= Notice of Intent to Lien =

In Mechanic's lien law a Notice of Intent to Lien (also known as a Notice of Intent, a Notice of Intent to File a Mechanics Lien, an intent notice, an NOI, or a notice of non-payment) is a type of preliminary notice that warns the property owner, prime contractor, and/or other party on a construction that a mechanics lien or bond claim will be filed unless overdue payments are made within a certain period of time.

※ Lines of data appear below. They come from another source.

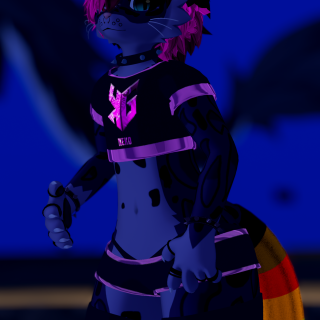 VRChat_2024-12-30_21-01-17.798_2160x3840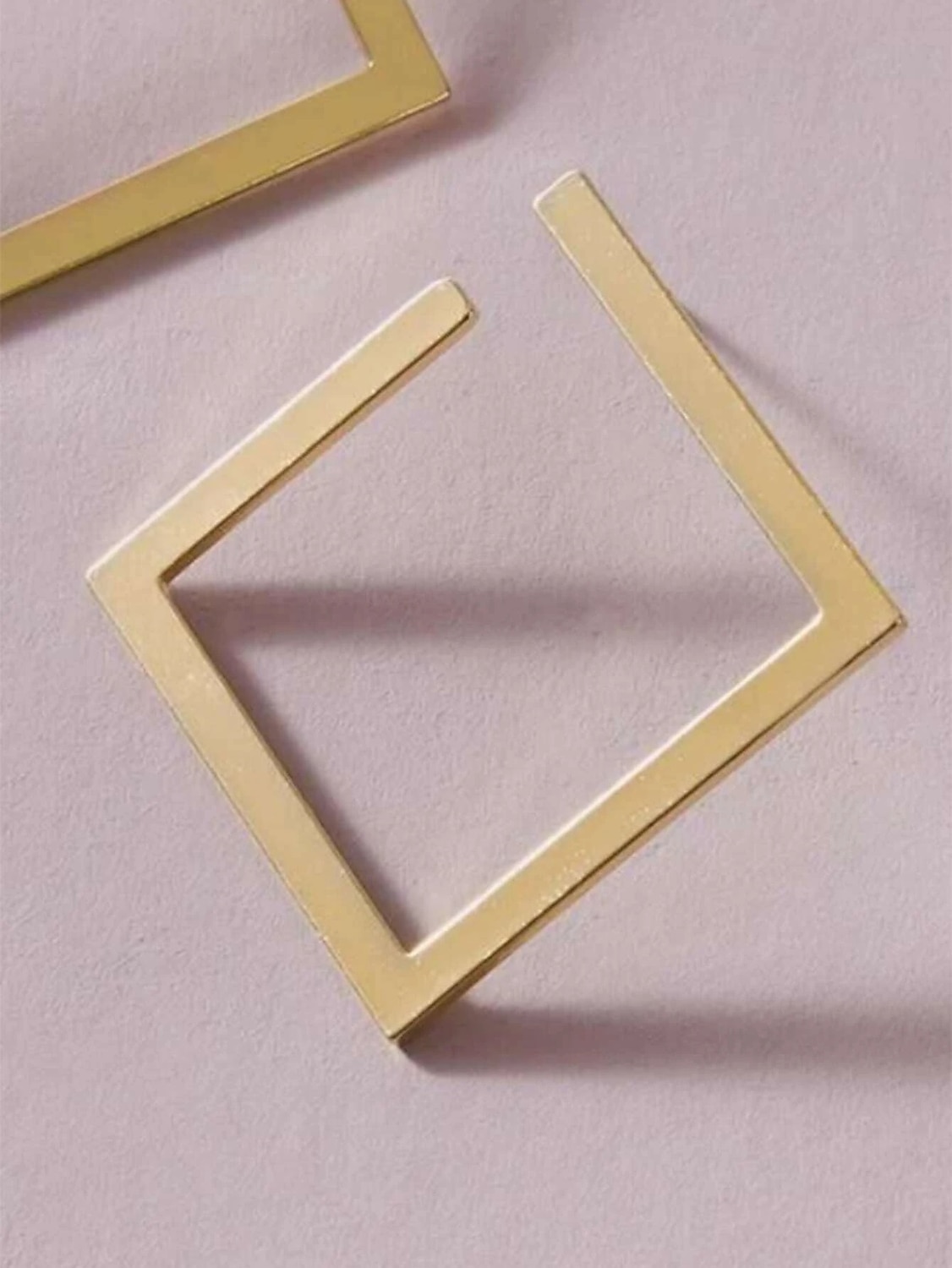 moda europea nuovo stile personalità contratta temperamento vento gelido orecchini esagerato design di nicchia orecchini di diamanti di alta qualità del 2025 a $18.99 –P4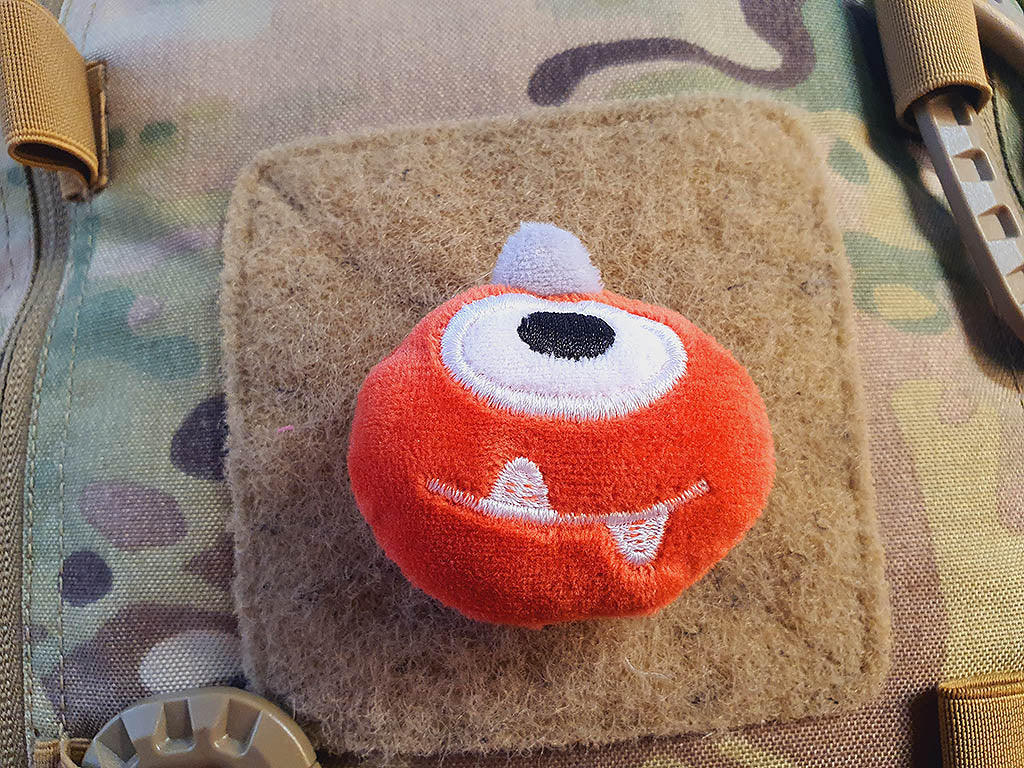 Patch peluche en tissu EINAUGI, rouge prune avec zone velcro au dos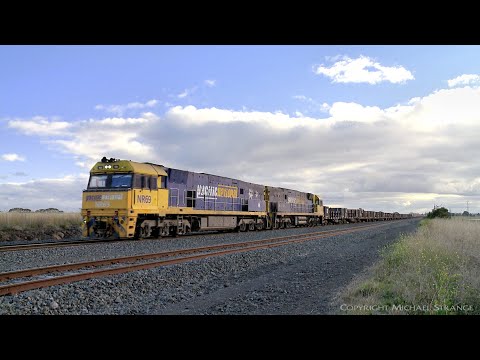 3XM4 Steel Train With Sadleirs Louvre Vans (5/5/2021) - PoathTV Australian Railways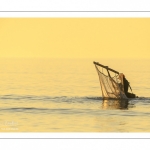 Pêcheurs au haveneau au soleil couchant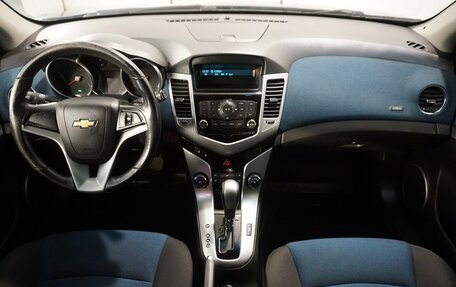 Chevrolet Cruze II, 2012 год, 799 800 рублей, 10 фотография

A Notice of Intent to Lien is formally required in nine states. In these states, notices of intent must be sent prior to the filing of a mechanics lien claim. These requirements only exist for private projects, there are no notice of intent requirements on state, federal, and other public works projects. The following states require the sending of a Notice of Intent to Lien.
- Arkansas
- Colorado
- Connecticut
- Louisiana
- Missouri
- North Dakota
- Pennsylvania
- Wisconsin
- Wyoming

Sending a Notice of Intent is often helpful even if it is not required because it motivates top-of-chain parties to make payment in order to avoid facing a claim of lien. Delayed payment on construction projects often results from a lack of communication, so sending Notices of Intent and other preliminary notices can help inform parties higher up the payment chain of who is working for them and who has not been paid.